I would be willing to put all that aside and put some faith that these new measures would help if not for open-borders Arlen Specter waiting in the wings to introduce another illegal alien amnesty, eliminate fugitive illegal alien status for hundreds of thousands of deportation absconders, and give millions of illegal aliens green-card status.

The open-borders GOP elites see enforcement not as an end in itself, but as a means to the same bad end they were trying to achieve earlier this summer: formally legalizing millions of law-breakers en masse. The “new” initiatives amount to promises to do the basic work they should have been doing years ago and which Congress and past administrations on both sides of the aisle should have implemented decades ago:

The proposals would raise civil fines on employers who hire undocumented immigrants by as much as 25 percent and overhaul temporary worker programs, according to a summary of the plans obtained by The Associated Press.

Homeland Security Secretary Michael Chertoff and Commerce Secretary Carlos Gutierrez planned to announce the changes in a news conference Friday.

A DHS spokesman on Thursday declined to comment because the announcement had not been made. The Commerce Department also declined to comment.

The administration also wants to expand the list of international gangs whose members are automatically denied admission to the U.S., reduce processing times for immigrant background checks, and install by the end of the year an exit system so the departure of foreigners from the country can be recorded at airports and seaports.

In addition, employers will face possible criminal sanctions if they don’t fire employees unable to clear up problems with their Social Security numbers.

The Homeland Security Department will ask states to voluntarily share their driver’s license photos and records with the agency for use in an employment verification system. The sharing is meant to help employers detect fraudulent licenses, according to the summary, which was provided by a congressional aide.

“Possible.” “Voluntarily.” For those who have followed the enforcement debate closely, those are big red flags.

While I certainly hope for the best, I recommend we all keep our expectations low and our fingers on speed-dial to ensure that this new plan is not just another in a long line of dog-and-pony shows.


More belated moves by DHS that will make you wonder: “Why are they only doing this just now:”

The U.S. Department of Homeland Security (DHS) announced today steps that will strengthen aviation security through uniform and consistent passenger prescreening against government watch lists.
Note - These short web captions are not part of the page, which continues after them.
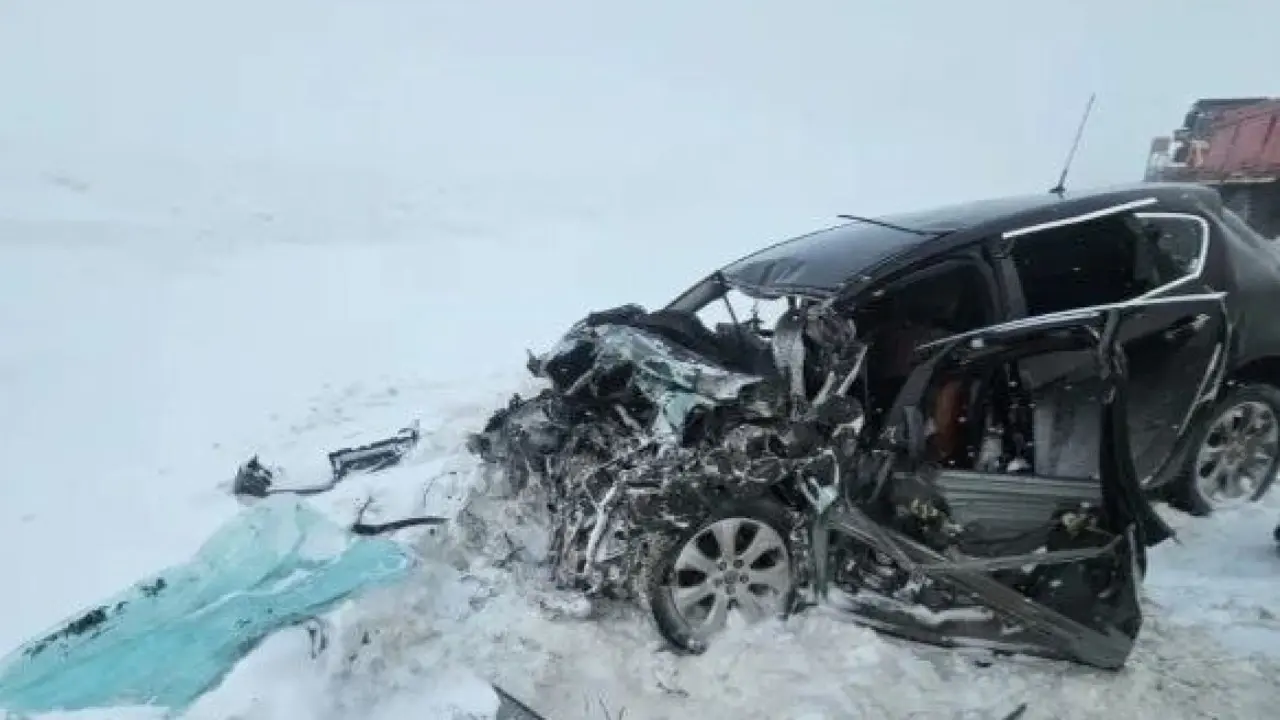 Ақтөбе облысында жүк көлігі мен жеңіл көлік соқтығысып, төрт адам қаза тапты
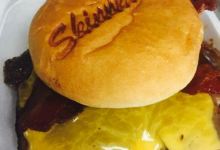 Skinner's Ribs & Bar-B-Que美食图片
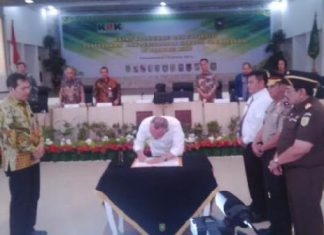 PLT Gubernur Dan Bupati Riau Tanda Tangani MOU Pencegahan Korupsi Diriau Dengan KPK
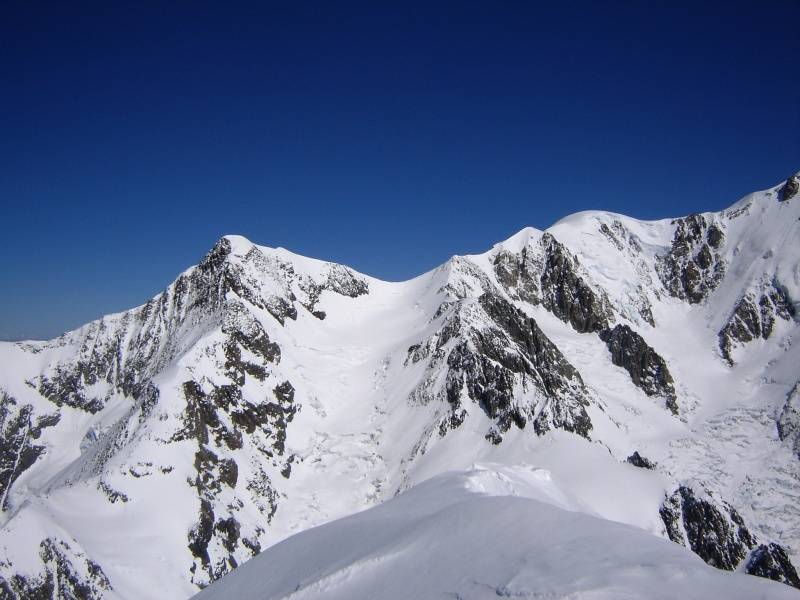 Monte Bianco, 4 alpinisti morti congelati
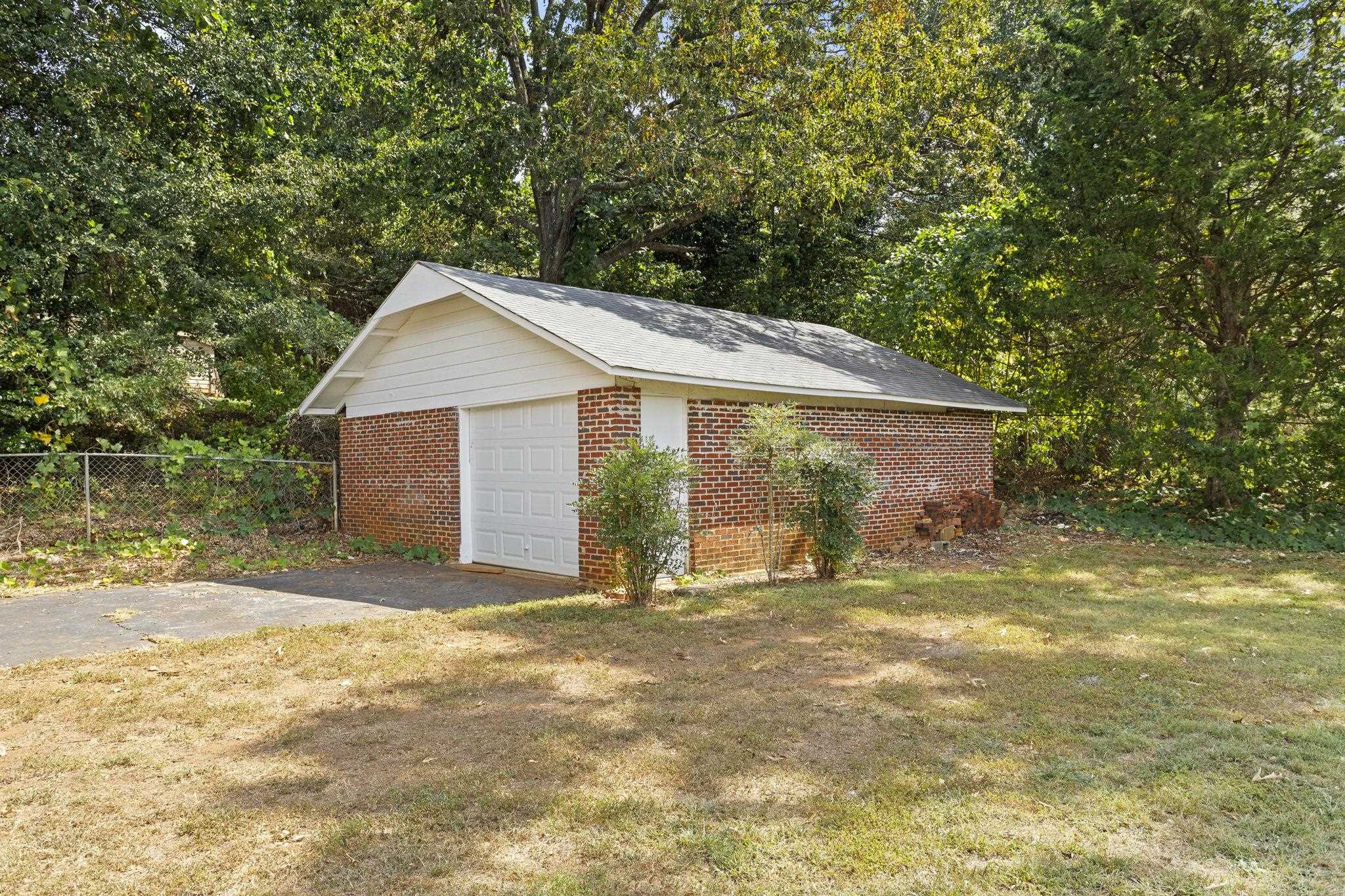 2432 Old Furnace Road Boiling Springs, SC 29316 - Photo 36 of 40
DHS is publishing two regulations which will initiate these changes: (1)Advance Passenger Information System (APIS) Predeparture Final Rule, which enables DHS to collect manifest information for international flights departing from or arriving in the United States prior to boarding; and (2) Secure Flight Notice of Proposed Rule Making (NPRM), which lays out DHS plans to assume watch list matching responsibilities from air carriers for domestic flights and align domestic and international passenger prescreening. Both programs carry out 9/11 Commission recommendations.

“Stopping known threats before they board an aircraft, whether domestically or internationally, is a critical security measure,” said Homeland Security Secretary Michael Chertoff. “This enables our frontline personnel to get key passenger information prior to boarding. This information will better identify individuals who may pose a known or suspected threat to aviation or national security. These programs will improve the passenger experience by establishing a more consistent vetting process and better resolution for misidentified passengers.”

Meanwhile, another one to file under Homeland Security, What Homeland Security?

Airport officials searched about a half-dozen airplanes at Charlotte- Douglas International Airport on Friday after a man bypassed security screening.
The Transportation Security Administration noticed the man had slipped past screeners shortly before 8 a.m., said spokesman John Allen. Officials shut down Concourse C to conduct a search, but were not immediately able to locate him.

Allen said officials are searching about a half-dozen planes, but 10 others left before officials were able to search the flights. He said those flights will be reverse-screened when they land.